Dans l'est de la République démocratique du Congo, les rebelles du M23 contrôlent encore plusieurs localités dans les territoires de Masisi et de Rutshuru. Quel est l'importance de ce territoire de Rutshuru aussi bien pour les rebelles que pour l'état congolais et comment la population réagit-elle à l'occupation de la région par les rebelles du M23 ?
Rutshuru est un vaste territoire de la province du Nord-Kivu proche des frontières du Rwanda et de l'Ouganda.
Ce territoire a toujours été le point de départ de la plupart des grandes rebellions de la RDC notamment celle lancée en 1997 par l'AFDL de Laurent Désiré Kabila.
Depuis le 8 novembre 2021, les rebelles du M23 y ont repris les attaques contre les forces armées congolaises et ont réussi à prendre le contrôle de plusieurs localités.
Le Comité de paix et sécurité
Fin 2022, le M23 a installé une administration dénommée Comité de paix et sécurité (COPASEC), composé de quelques civils de la rébellion et des membres des communautés locales. Un coordonnateur, installé à Rutshuru centre, gère au quotidien les activités de cette administration.
Certains habitants comme Agerimana Alphonsine, pensent que la sécurité s'améliore dans les zones occupées par les rebelles du M23.
"Nous vivons bien, raconte-t-elle. Je ne peux pas dire que nous vivons dans des mauvaises conditions, car je peux circuler la nuit sans que quelqu'un me vole mon téléphone, ou que quelqu'un me tabasse. C'est pourquoi je dis que nous vivons bien. Nous n'avons pas de problèmes avec eux et nous n'entendons pas de tirs la nuit. Aussi, il y a moins de voleurs ces derniers temps."
Manque de confiance
Si certains habitants saluent l'amélioration de la situation sécuritaire, d'autres évoquent un manque de confiance entre la population et les rebelles à cause de quelques tracasseries perpétrées par les rebelles. Jean Kaseru, un habitant de Rutshuru, assure que "les articles au marché ont pris de l'ascenseur à cause des tracasseries routières de la part des rebelles. Moi je ne peux pas dire qu'on vit en paix, parce que les gens vivent avec la peur. Le M23 est ici mais la population n'a pas confiance en eux."
Les écoles ont ouvert au mois de septembre 2023 dans certaines localités et quelques structures sanitaires sont opérationnelles, y compris celles appartenant à l'Etat congolais.

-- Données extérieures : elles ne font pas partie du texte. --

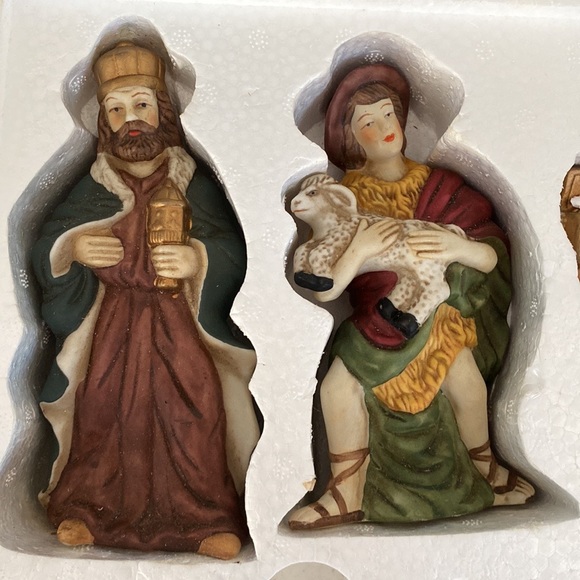DANSON VINTAGE NATIVITY SET (fine porcelain) - Picture 4 of 8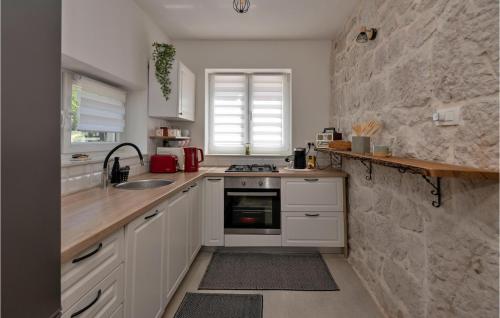 virtuve, 2 Bedroom Beautiful Home In Runovici in Podbablje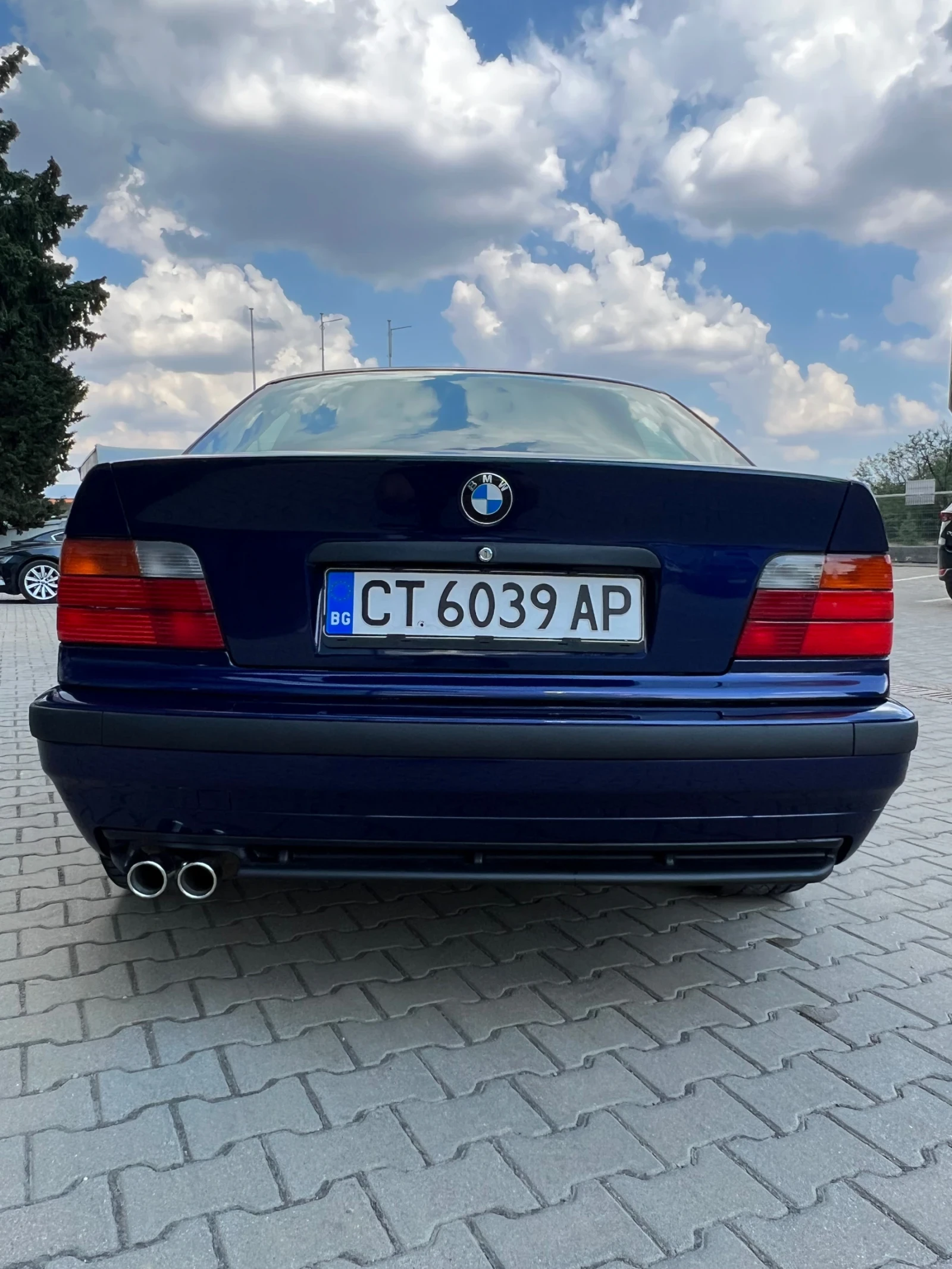 BMW 320, снимка 5 - Автомобили и джипове - 55694535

Les radios locales et des organisations non gouvernementales sont aussi opérationnelles.
L'économie souffre
Cependant, la fermeture de la route nationale 2 par les autorités congolaises affecte la vie socio-économique de la population.
Sendugu Mwenyemali, un habitant de Rutshuru et membre de la société civile, raconte que "pour ce qui est de la sécurité, nous circulons librement. Mais sur le plan économique ou de l'agriculture, vous pouvez cultiver mais vous n'aurez pas d'acheteurs. Vous faites du commerce, il n'y a pas des clients. L'argent ne circule pas et la route est bloquée. Aussi, il n'y a pas des opportunités d'emplois. Il n'y a que l'agriculture et malheureusement même les produits champêtres ne sont pas achetés."
Aujourd'hui, le M23 contrôlerait près de 80 % du territoire de Rutshuru. Un territoire qui représente la plus grande source d'approvisionnement en céréales pour la ville de Goma et celle voisine de Bukavu.